As an instructor, you have the opportunity to see the characteristics of the student’s body structure and make a guided decision towards a posture that is beneficial for them. Also, it is important for the student to intentionally bring awareness into their own mind so they can develop movement leadership, somatic longevity, and mental flexibility as well.
There are two general guidelines that students can follow during their own introspection of the posture experience: Sthira and Sukha.
Sthira and Sukha are two Sanskrit concepts from The Yoga Sutras of Patanjali.
In Sutra 2.46, it states “Asana (posture) is a steady, comfortable posture.”
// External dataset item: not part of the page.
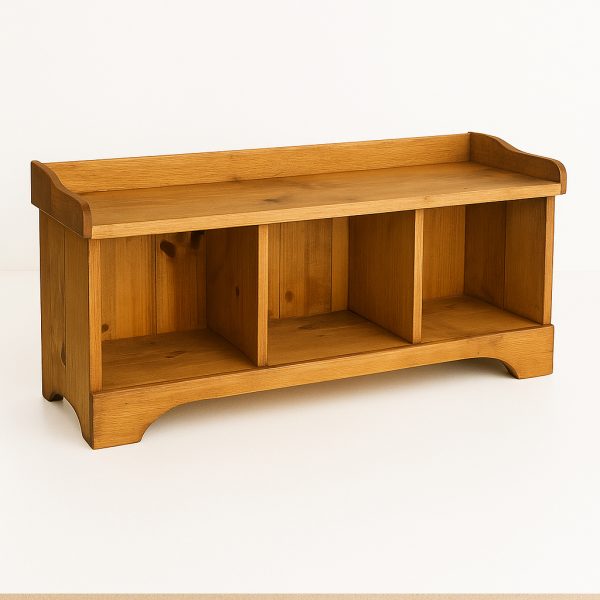 Cubby Solid Wood Bench | Rustic Vintage Cubby Bench 00-01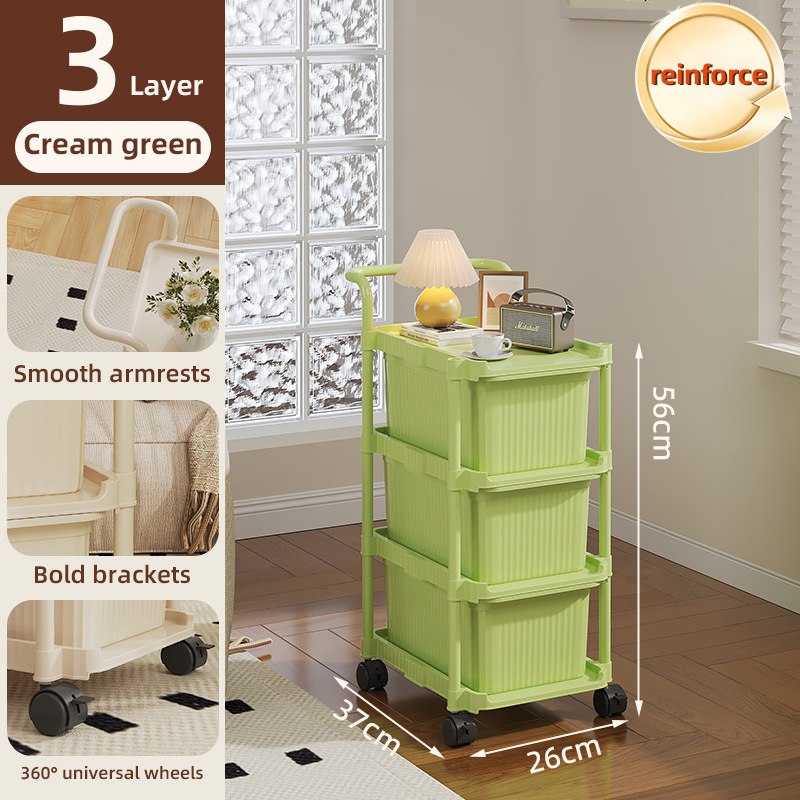 Light green 3-drawer cart with storage and omnidirectional wheels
Sthira is a Sanskrit word that means to have steadiness and stability.
Sukha is a Sanskrit word that means “with ease and comfort.”
Yoga postures must be both steady and comfortable, then the student has earned success within the posture. This is important because it allows students to tune into the present moment of sensation within their body, and gives them the opportunity to become capable of directing their movement in the direction they know will be best.
Steadiness and stability in a posture represent a strong neuromuscular connection and ability to engage and strengthen the tissue used in a movement, contributing to the overall functional foundation of their body mechanics.
Additionally, comfort and ease in a posture represent the mental aspect and ability to stay focused and in a balanced state, not overly controlled by emotions.
Sthira and Sukha can be applied as guidelines for the student to understand their experience of the posture.
By using verbal cues guiding toward both Sthira and Sukha, you can direct your students to help transform their Yoga practice towards one with more introspection and speculation.
If there is discomfort or panic in a posture, it could be a somatic communication of a range of motion not currently accepted by the student’s nervous system, and moving into a more comfortable, neutral posture will be a good idea!
The outcome is for your students to move (quite literally) towards their goals, and by increasing their own personal body experience and awareness, they will earn knowledge that will allow them to continue on the path of those goals.